In his final State of the Union address to Congress on Tuesday, President =Obama renewed his call to close the Guantanamo Bay prison in Cuba, one of the promises he made repeatedly during his first presidential campaign in 2008.
"I will keep working to shut down the prison at Guantanamo: it’s expensive, it’s unnecessary, and it only serves as a recruitment brochure for our enemies," Obama said during the address. But shuttering America's most well-known military prison has proved more difficult than Obama anticipated. Guantanamo, which opened 14 years ago, still holds 103 of the 780 detainees who have cycled through the prison, according to the New York Times, far from the President's goal of zero.
White House Chief of Staff Denis McDonough said on Sunday that Obama will present Congress with a plan to close the prison soon, and he might use his executive authority to do so if necessary before his term ends. However, the Obama administration still faces a series of obstacles, both old and new, that stand in the way of shuttering the facility.
Congress recently passed a law banning Guantanamo's closure
Congressional Republicans have repeatedly argued that releasing or transferring prisoners poses a threat to national security, and have fought against the installation's closure. In the larger defense bill that the President signed into law in November, congressional Republicans included a measure, opposed by Obama, that prohibits the use of funds to close or abandon the prison, transfer detainees to the United States (or Libya, Somalia, Syria and Yemen) or build or modify facilities to house detainees in the United States.
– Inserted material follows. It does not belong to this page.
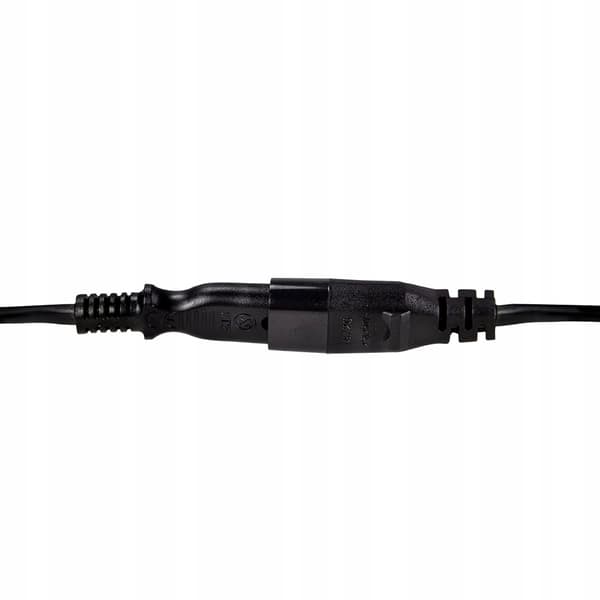 LogiLink CP129 IEC C8 > C7 strømforlængerkabel sort 2m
"The restrictions contained in this bill concerning the detention facility at Guantanamo are, as I have said in the past, unwarranted and counterproductive," Obama said in a statement when he signed bill into law.
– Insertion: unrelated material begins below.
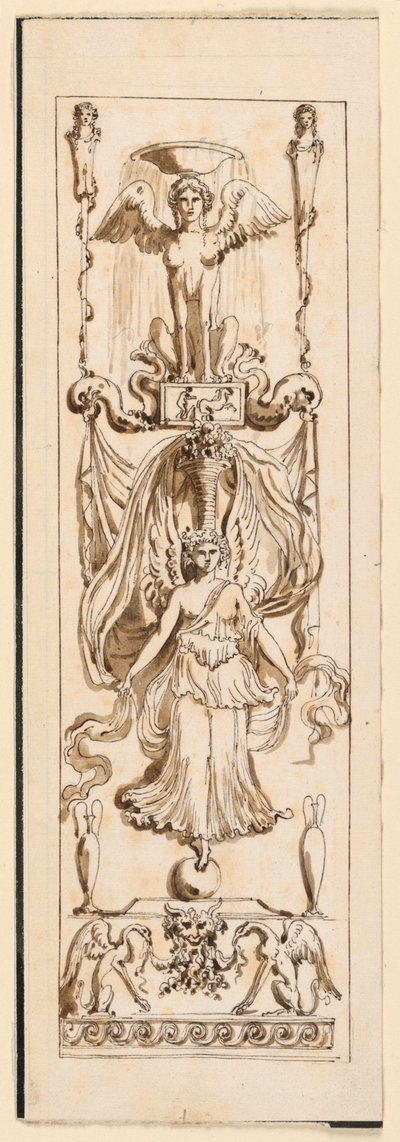 Design for a Painted Panel by Etienne de Lavallee Poussin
The remaining detainees are some of the most difficult to relocate
Many of the 103 remaining detainees require a permanent alternative to Guantanamo because they have not been approved for transfer or release, and the topic of where they could be securely detained or prosecuted is still fiercely debated. As the Washington Post reports, lawmakers have generally opposed housing detainees near their constituents, while others have raised concerns that the prisoners would be additional legal rights if transferred to the U.S. Former Attorney General Eric Holder personally promised that the Justice Department would not relocate detainees to one high-security prison in Illinois, stymieing one administration proposal.
Read more: The Portaits of Gitmo Detainees
His former White House counsel resigned amid criticism over the plan to close the prison
Former White House counsel Greg Craig resigned from his post in 2009 amid criticism for the way he handled Obama's plan to close Guantanamo, which was met with strong congressional resistance as the administration moved forward quickly amid political divisions.
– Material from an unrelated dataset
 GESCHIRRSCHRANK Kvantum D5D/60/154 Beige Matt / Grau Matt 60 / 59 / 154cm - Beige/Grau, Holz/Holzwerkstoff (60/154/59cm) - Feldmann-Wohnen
The plan's supporters saw Craig's resignation as a sign that the administration was not as committed to the closure as promised, while others viewed the resignation as an indication that he had failed to anticipate the complex Congressional debate over Guantanamo, according to Politico.
Thawed relations with Cuba haven't eased the debate
The United States has had the military base in Cuba since 1903, when it signed a deal with the Cuban government allowing it to construct a base in exchange for an annual payment.
Even as ties between the two nations resume, experts think the U.S. military won't want to surrender the naval base because of its strategic location and proximity to the Caribbean, Latin America and South America — even though Cuba has wanted the land back since Fidel Castro took power more than half a century ago.
The Bowe Bergdahl affair hasn't made things easier
The controversial exchange of Bowe Bergdahl for five Taliban detainees angered many Republicans and has put Guantanamo transfers in an even more unfavorable light among opponents. Bergdahl was released after five years in captivity in exchange for five detainees who were being held at Guantanamo Bay.
Following the swap, Republican U.S. Sen. Lindsey Graham said he was "very disturbed about the policy of releasing prisoners from Guantanamo Bay while the war is still raging," saying the decision "undercut the war effort." Sen. Saxby Chambliss said the prisoner trade "is one of the reasons why a number of us have been so strongly opposed to the release of individuals there."
The argument has carried over to the 2016 presidential campaign trail, where Republican frontrunner Donald Trump has berated the swap.
"We get a traitor, a no-good, rotten traitor like Bergdahl," he said. "And they get five killers that they most wanted in the whole world, who are right now back on the battlefield, trying to kill everybody, including us. Okay? What kind of a deal is this?”